Vespula species, in contrast, build concealed nests, usually underground.
Yellowjacket nests usually last for only one season, dying off in winter. The nest is started by a single queen, called the "foundress". Typically, a nest can reach the size of a basketball by the end of a season. In parts of Australia, New Zealand, the Pacific Islands, and southwestern coastal areas of the United States, the winters are mild enough to allow nest overwintering. Nests that survive multiple seasons become massive and often possess multiple egg-laying queens.
In the United States
The German yellowjacket (V. germanica) first appeared in Ohio in 1975, and has now become the dominant species over the eastern yellowjacket. It is bold and aggressive, and can sting repeatedly and painfully. It will mark aggressors and pursue them. It is often confused with Polistes dominula, an invasive species in the United States, due to their very similar pattern. The German yellowjacket builds its nests in cavities—not necessarily underground—with the peak worker population in temperate areas between 1000 and 3000 individuals between May and August.

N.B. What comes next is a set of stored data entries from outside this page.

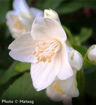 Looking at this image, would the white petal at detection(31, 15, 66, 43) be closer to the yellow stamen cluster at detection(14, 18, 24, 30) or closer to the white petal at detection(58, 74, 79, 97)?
the white petal at detection(58, 74, 79, 97)

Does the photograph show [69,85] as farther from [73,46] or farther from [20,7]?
[20,7]

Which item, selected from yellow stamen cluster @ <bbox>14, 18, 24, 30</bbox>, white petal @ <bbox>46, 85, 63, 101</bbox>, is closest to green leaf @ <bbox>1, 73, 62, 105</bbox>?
white petal @ <bbox>46, 85, 63, 101</bbox>

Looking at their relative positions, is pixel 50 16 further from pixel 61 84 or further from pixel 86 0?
pixel 86 0

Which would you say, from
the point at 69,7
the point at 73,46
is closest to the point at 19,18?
the point at 69,7

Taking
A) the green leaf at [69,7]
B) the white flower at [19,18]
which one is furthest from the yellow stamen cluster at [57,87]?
the green leaf at [69,7]

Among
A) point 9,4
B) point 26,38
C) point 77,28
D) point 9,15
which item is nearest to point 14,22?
point 9,15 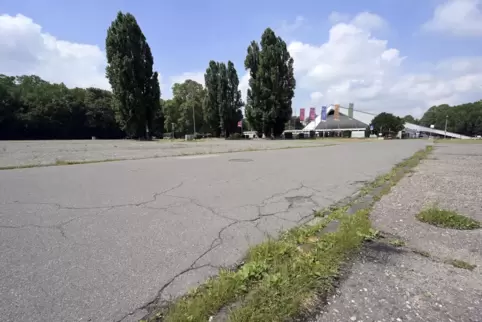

Each colony produces several thousand new reproductives after this point through November. The eastern yellowjacket builds its nests underground, also with the peak worker population between 1000 and 3000 individuals, similar to the German yellowjacket. Nests are built entirely of wood fiber and are completely enclosed except for a small entrance at the bottom. The color of the paper is highly dependent on the source of the wood fibers used. The nests contain multiple, horizontal tiers of combs within. Larvae hang within the combs.
In the southeastern United States, where southern yellowjacket (Vespula squamosa) nests may persist through the winter, colony sizes of this species may reach 100,000 adult wasps. The same kind of nest expansion has occurred in Hawaii with the invasive western yellowjacket (V. pensylvanica).
In popular culture
The yellowjacket's most visible place in American popular culture is as a mascot, most famously with the Georgia Tech Yellow Jackets, represented by the mascot Buzz. Other college and university examples include the American International College, Baldwin-Wallace University, Black Hills State University, Cedarville University, Defiance College, Graceland University, Howard Payne University, LeTourneau University, Montana State University Billings, Randolph-Macon College, University of Rochester, University of Wisconsin–Superior, West Virginia State University, and Waynesburg University.
Though not specified by the team, the mascot of the Columbus Blue Jackets, named "Stinger," closely resembles a yellowjacket. In the years since its original yellow incarnation, the mascot's color has been changed to a light green, seemingly combining the real insect's yellow and the team's blue.
Note that yellowjacket is often spelled as two words (yellow jacket) in popular culture and even in some dictionaries. The proper entomological spelling, according to the Entomological Society of America, is as a single word (yellowjacket).